適切な権限と裁量と試行錯誤の機会を与えると人は自然と責任感を持ち大きく成長する
2007年に北九州市立大学に着任してから現在まで振り返って,一番の転機になったのは,2011年に同僚の先生が突然退職したことがきっかけだったと思う。
それまでは,その同僚の先生がソフトウェア関連の教育と研究を統括しており,私はその指示に従って動く「作業者」に過ぎなかった。2011年にその同僚の先生が突然退職し,ソフトウェア関連の全てが急に私が引き受けることになった。
当時,本当に苦しかったのは確かだ。とてつもない試練だった。しかし幸運なことに,そのときから私には適切な権限と裁量が与えられた。権限や裁量を求めて自分から動くこともした。そして責任を果たそうと一所懸命に取り組んだ。周囲の助けもあった。倉貫さんという師にも巡り会えた。気がつくと私は大きく成長して重大な責任を果たせた。
その強烈な体験を踏まえて,研究室の学生にも適切な権限と裁量を与えるように心がけた。そうすると学生たちは創意工夫を凝らして期待以上の成果をもたらしてくれた。
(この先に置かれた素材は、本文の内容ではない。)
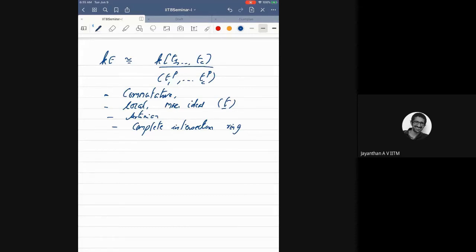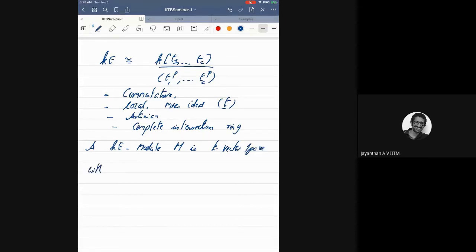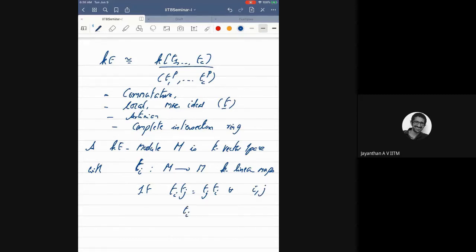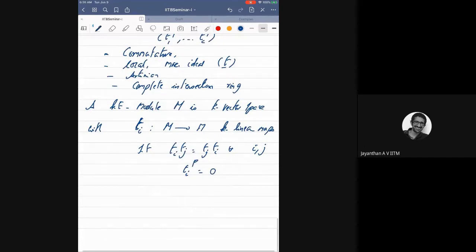A KE-module M is just a K-vector space with c commuting nilpotent operators t_1, ..., t_c — that is, K-linear endomorphisms such that t_i t_j = t_j t_i and t_i^p = 0 for all i. So we are just looking at a family of commuting nilpotent maps.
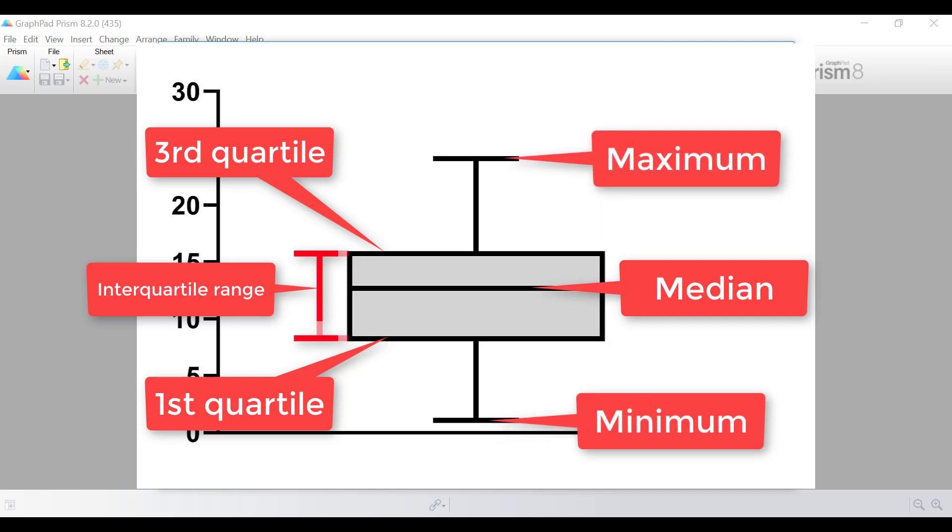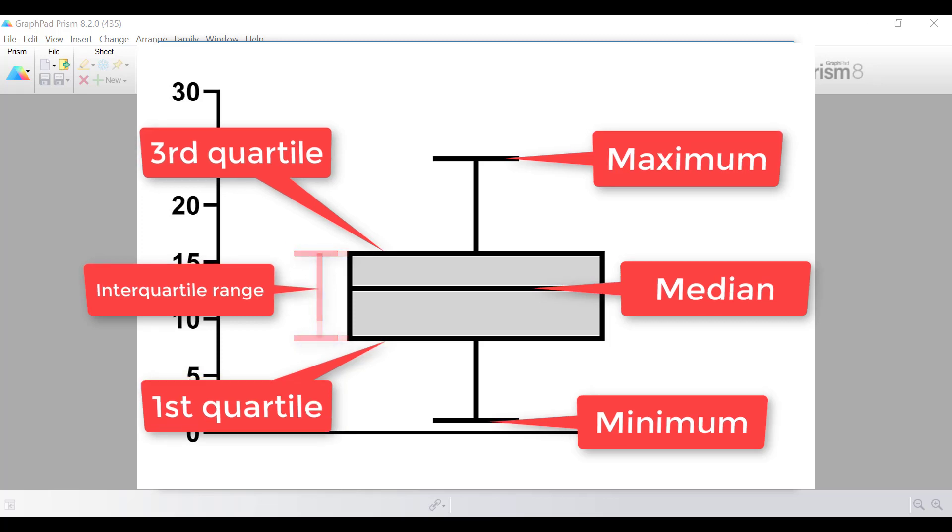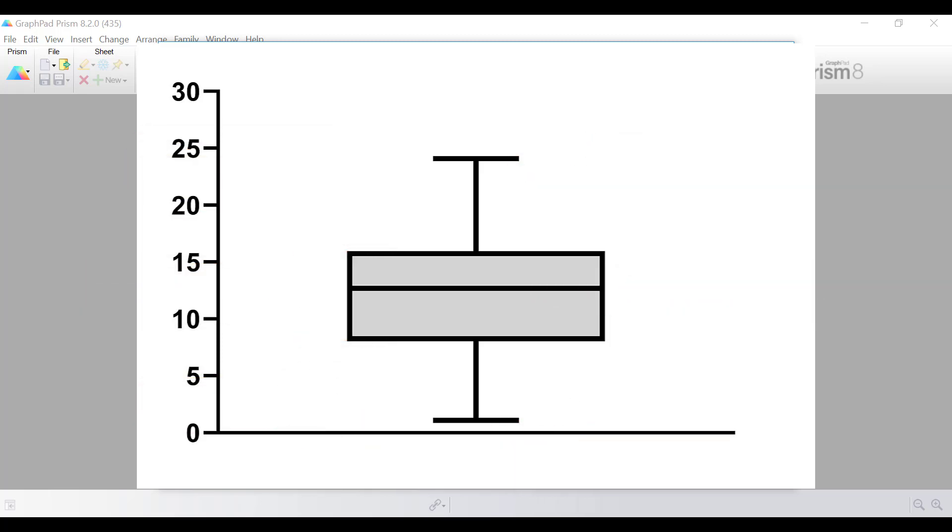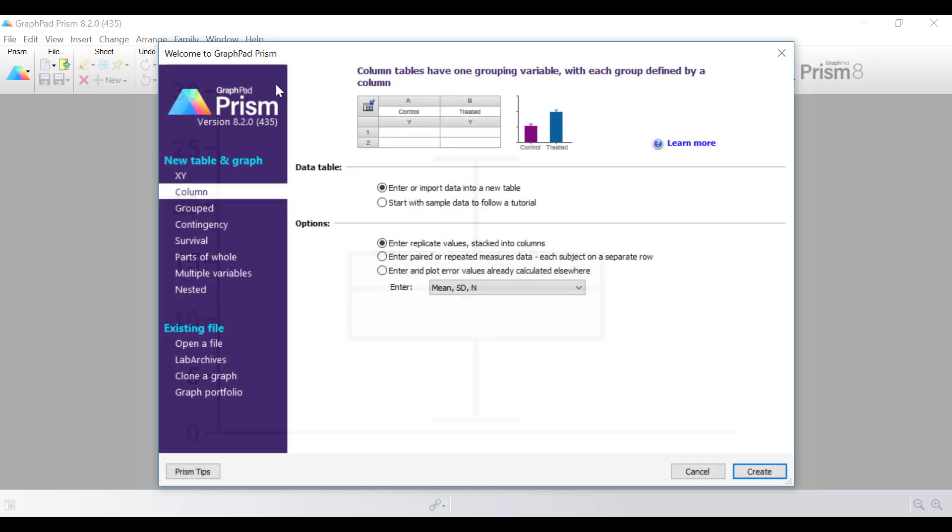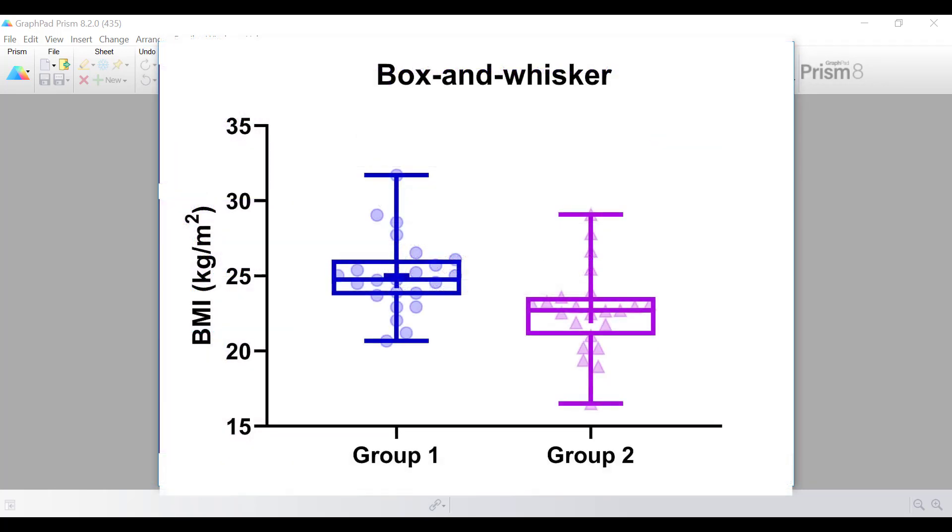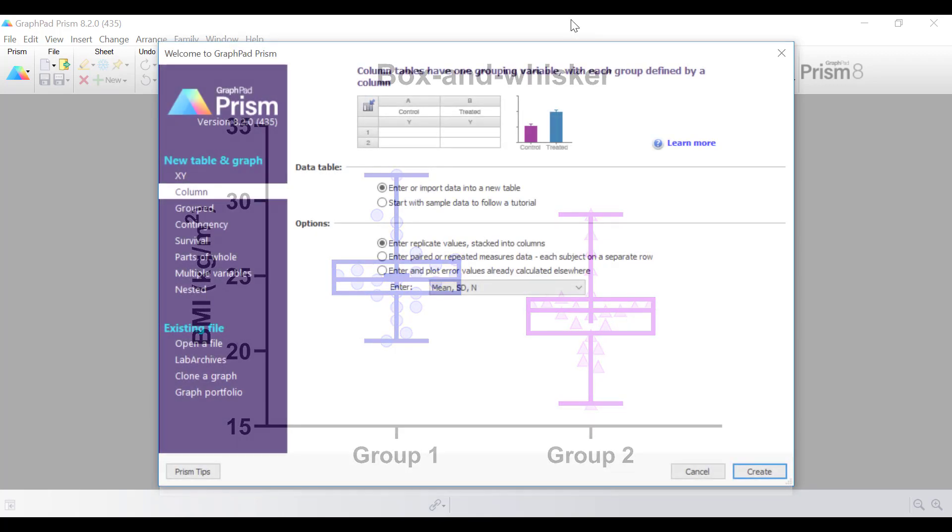By looking at these points of interest on the box and whisker plots, it can tell you a lot about the data, such as whether the data are symmetrical or skewed, and if so, in what direction. However, box and whisker plots are not as good at representing the distribution of your data set compared to a violin plot. In this video tutorial, I will show you how to create this box and whisker plot. So let's jump into GraphPad and begin the tutorial.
これは1回や2回のまぐれではない。研究室の文化として根付いてくれた。
もちろん最初のうちは失敗することもある。しかしここは肝心なところだ。こういう場合は失敗を許容して試行錯誤させる。フィードバックも効果的だ。そうすると学生たちはすぐに学習してよりよい成果を出し始める。
適切な権限と裁量と試行錯誤の機会を与えること,それが一番人を成長させる。自然と責任感も芽生える。
ちなみにそのことを最初に示してくれたのは,九州大学の福田晃先生である。私は福田先生のもとで研究員をしていたが,福田先生はいつも私たち研究員に大きな裁量をくれた。そして失敗したときにはいつでも責任を取ってくれた。改めて福田先生に感謝します。